For example, the following is a set of quadratic equations over the variables \(x_0,x_1,x_2\):

We will show how to reduce 3SAT to the problem of Quadratic Equations.

At the end of the day, a 3SAT formula can be thought of as a list of equations on some variables \(x_0,\ldots,x_{n-1}\). Namely, the equations are that each of the \(x_i\)’s should be equal to either \(0\) or \(1\), and that the variables should satisfy some set of constraints which corresponds to the OR of three variables or their negation. To show that \(3\ensuremath{\mathit{SAT}} \leq_p \ensuremath{\mathit{QUADEQ}}\) we need to give a polynomial-time reduction that maps a 3SAT formula \(\varphi\) into a set of quadratic equations \(E\) such that \(E\) has a solution if and only if \(\varphi\) is satisfiable. The idea is that we can transform a 3SAT formula \(\varphi\) first to a set of *cubic* equations by mapping every constraint of the form \((x_{12} \vee \overline{x}_{15} \vee x_{24})\) into an equation of the form \((1-x_{12})x_{15}(1-x_{24})=0\). We can then turn this into a *quadratic equation* by mapping any cubic equation of the form \(x_ix_jx_k =0\) into the two quadratic equations \(y_{i,j}=x_ix_j\) and \(y_{i,j}x_k=0\).

To prove Theorem 13.4 we need to give a polynomial-time transformation of every 3SAT formula \(\varphi\) into a set of quadratic equations \(E\), and prove that \(3\ensuremath{\mathit{SAT}}(\varphi)=\ensuremath{\mathit{QUADEQ}}(E)\).

We now describe the transformation of a formula \(\varphi\) to equations \(E\) and show the completeness and soundness conditions. Recall that a *3SAT formula* \(\varphi\) is a formula such as \((x_{17} \vee \overline{x}_{101} \vee x_{57}) \wedge ( x_{18} \vee \overline{x}_{19} \vee \overline{x}_{101}) \wedge \cdots\).
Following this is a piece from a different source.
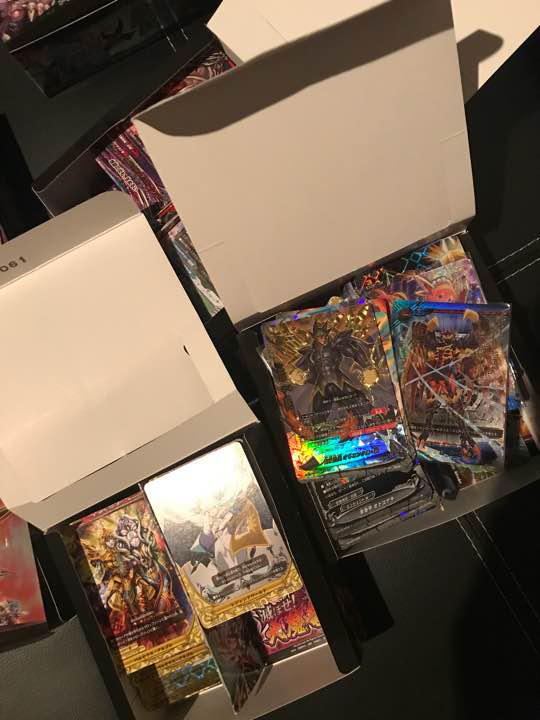 ブラウン系から厳選した バディファイトDDD バッツ✖️ シリーズ完全引退品 写真追加分 カード おもちゃ・ホビー・グッズブラウン系¥10,999-thulokitab.com ブラウン系から厳選した バディファイトDDD バッツ✖️ シリーズ完全引退品 写真追加分 カード おもちゃ・ホビー・グッズブラウン系¥10,999-thulokitab.com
That is, \(\varphi\) is composed of the AND of \(m\) *3SAT clauses* where a 3SAT clause is the OR of three variables or their negation. A *quadratic equations* instance \(E\) is composed of a list of equations, each of involving a sum of variables or their products, such as \(x_{19}x_{52} - x_{12} + 2x_{33} = 2\), etc.. We will include the constraints \(x_i^2-x_i=0\) for every \(i\in [n]\) in our equations, which means that we can restrict attention to assignments where \(x_i \in \{0,1\}\) for every \(i\).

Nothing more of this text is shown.